*** Block opens ***

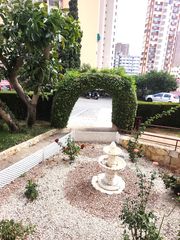 Pis a Rincón Alto. Rincón bajo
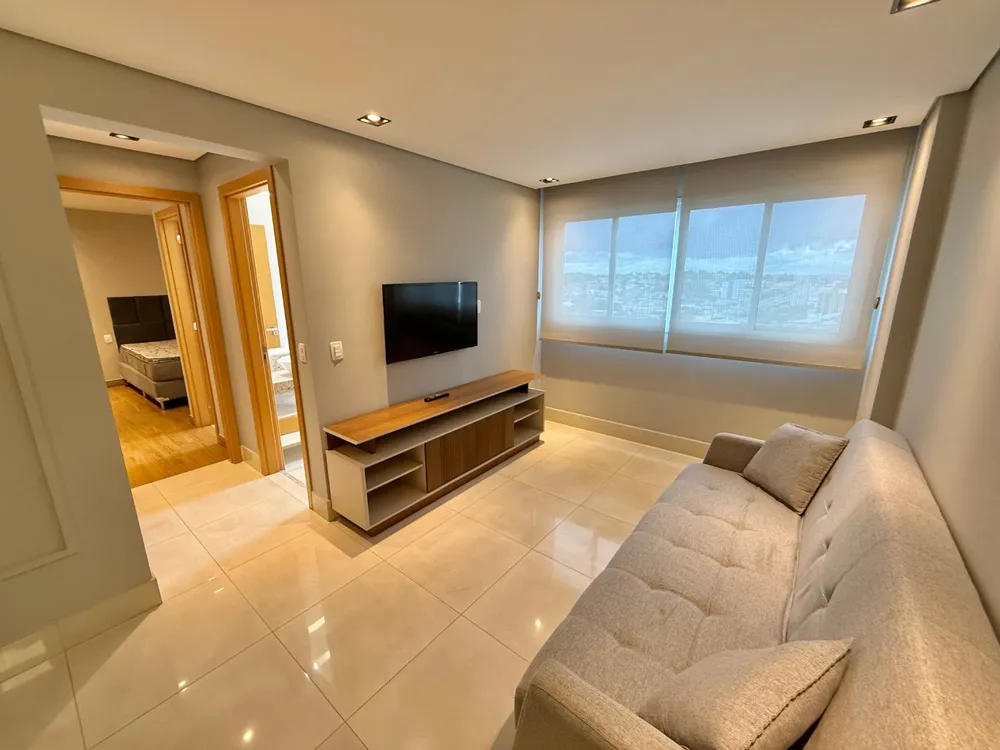 Apartamento, 2 quartos, 64 m² - Foto 3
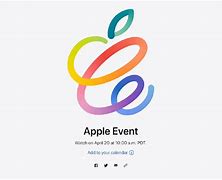 Image result for Apple Event Mascotte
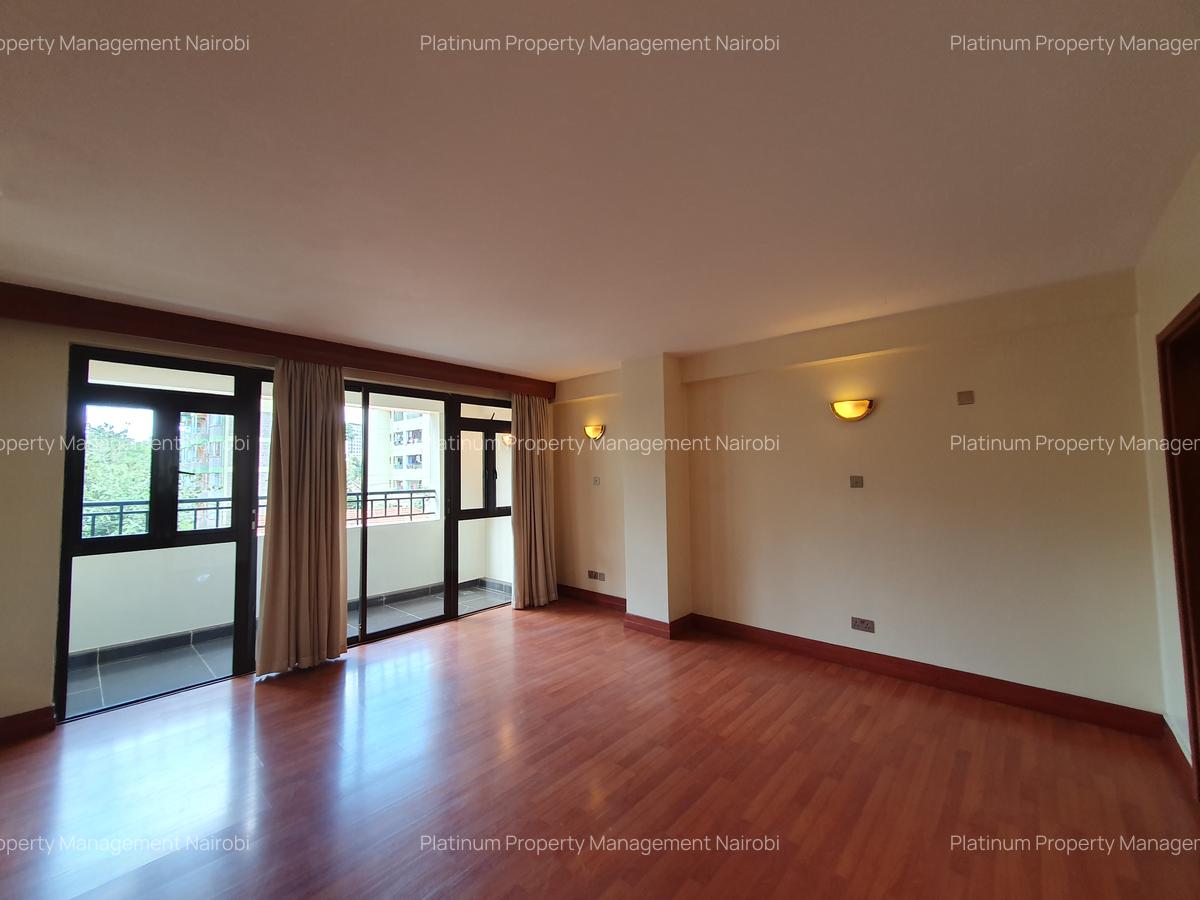 4 Bed Apartment with En Suite at Lower Kabete Rd - 16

*** Block closes ***

**Brief**
Write out again every line above exactly as given; the pictures do not belong in the copy.

**Response area**
 Pis a Rincón Alto. Rincón bajo
 Apartamento, 2 quartos, 64 m² - Foto 3
 Image result for Apple Event Mascotte
 4 Bed Apartment with En Suite at Lower Kabete Rd - 16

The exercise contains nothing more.